Is 'restoring force' a particular type of force? I have a question about the restoring force in elastic band or rope which confusing me for a long time.
As I was told in high school physics, for an elastic band (or spring), if Hooke's law holds, we have $F = k\Delta x$. What's confusing me is: should F be the total force acting on the object or the restoring force only? Or I ask this way: is there anything called "restoring force" existing independently, just like gravity, friction or tension?
To my understanding, restoring force should be the total force which is pointing to the equilibrium point. For example, if we consider a bungee cord, we should always count the tension of the cord as well as the gravity so the restoring force at any time should be the total force of tension and gravity; hence, when we apply Hooke's law, we should always have $F$ being the total force, not just the tension.
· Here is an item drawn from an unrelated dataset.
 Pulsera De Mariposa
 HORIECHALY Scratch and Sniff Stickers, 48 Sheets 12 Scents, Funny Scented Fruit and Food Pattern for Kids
Is that correct?
This is pretty confusing to me because there use many terms in the book. Sometimes they said it is the tension in Hooke's law, sometimes they say the restoring force and sometimes the total force....
 A: Good question! What you probably haven't been told is that forces can sometimes go by multiple names. There can be a name that describes what produces the force, but also a name that describes how the force is acting, or something else. The term "restoring force" falls in this latter category: it's a name that describes which way the force points, i.e. toward the equilibrium point. The same force might also have another name which describes what produces it. For example, it's quite possible that the tension of a string, or the elastic force of a spring, or gravity, is the restoring force.
In fact, it's possible that multiple forces contribute to the restoring force. "Restoring force" just means the total force that acts toward the equilibrium position. In the case of the bungee cord, the restoring force is the sum of gravity and the elastic force of the cord.
Another case where you might have seen the same thing is with the term "centripetal force," which refers to whatever forces are pointing toward the center of an object's circular motion. Sometimes gravity is the centripetal force, sometimes it's tension, sometimes it's a normal force, etc., or even a combination of different forces.
A: The restoring force is defined as a force which acts to bring the system back into equilibrium. Total force is just that: total force. For example, if a mass is hung vertically on a spring, then the restoring force is given by Hooke's law: $F_{rest}=kx$, acting upwards. The gravitational force is $F_{grav}=-mg$, acting downwards. The total force is:
$$F_{tot}=F_{rest}+F_{grav}=kx-mg$$
A: "Restoring" forces refer primarily to forces that try to return a system to equilibrium. So a spring has a restoring force of $F = -k\Delta x$. This means that if you choose the origin as being $x = 0$, then compressing the spring would correspond to a negative $x$ (displacing the spring to the left), and stretching the spring would correspond to a positive $x$ (stretching the spring to the right). In that sense, by extending the spring, a positive $\Delta x$ creates a negative force ($-1 \times \Delta x$) that acts to restore the spring to equilibrium (pulling back on the spring extension) and by compressing the spring, you would have a negative $\Delta x$ ($-1 \times \Delta x$), which creates a positive force that restores the spring equilibrium.
So Hooke's Law is actually $F=-k \Delta x$
Hope that helps.
A: Gravity is the restoring force as tension/ compression verses space expansion, in a mechanical sense. S=ec^3 is the formula for energy transfer. The Expanding Newton and Einstein Together wave theory copyrighted by me has all rights reserved 
A: restoring force is refer to the system which bring force back to it normal position with out the effect of distance which the force existed to it Constance force.
F1+F2= total force.
F= kx